Il Premio Pulitzer rende omaggio alla sua poesia per l’opera Wild Iris (2003). Questa raccolta è un catalogo di varietà dei fiori. La poetessa utilizza i fiori e un giardino edenico che si trova nel Vermont per raccontare il rapporto tra gli uomini. In Wild Iris, Louise Gluck racconta la radice puritana dell’America. Nella sua poesia emerge una consapevolezza della vita universale fiorita attraverso immagini familiari e semplici. I suoi versi prendono forma attraverso la sottrazione e un tono onesto, alla base c’è la tecnica dell’impoverimento delle figure teoriche e lo sfrondamento all’interno del testo. Emerge la chiarezza e la severità di una poesia senza compromessi di una scrittrice originaria della lunga e spoglia periferia di New York.

 

Raccolto (Iris Selvatico, Giano Editore 2003)

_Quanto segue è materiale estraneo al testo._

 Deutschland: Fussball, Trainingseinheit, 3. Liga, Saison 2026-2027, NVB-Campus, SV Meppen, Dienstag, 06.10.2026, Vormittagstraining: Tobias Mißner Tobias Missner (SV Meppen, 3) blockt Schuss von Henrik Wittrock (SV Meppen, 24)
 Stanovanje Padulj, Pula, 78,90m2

E poi viene il gelo; del raccolto è inutile parlare.

Comincia la neve; finisce la finzione della vita.

La terra adesso è bianca; i campi splendono al sorgere della luna.

Io siedo alla finestra accanto al letto, guardo la neve cadere.

La terra è come uno specchio:

calma su calma, distacco su distacco.

Ciò che vive, vive sottoterra.

Ciò che muore, muore senza lotta.

Louis Gluck è stata nominata nel 2003 Poeta Laureato degli Stati Uniti. Quest’anno è stata insignita del Premio Nobel per la letteratura. In Italia è stata pubblicato L’Iris Selvatico (Giano Editore 2003) e Averno (Dante e Descartes Editore 2019) e riproposte in questi mesi da Il Saggiatore.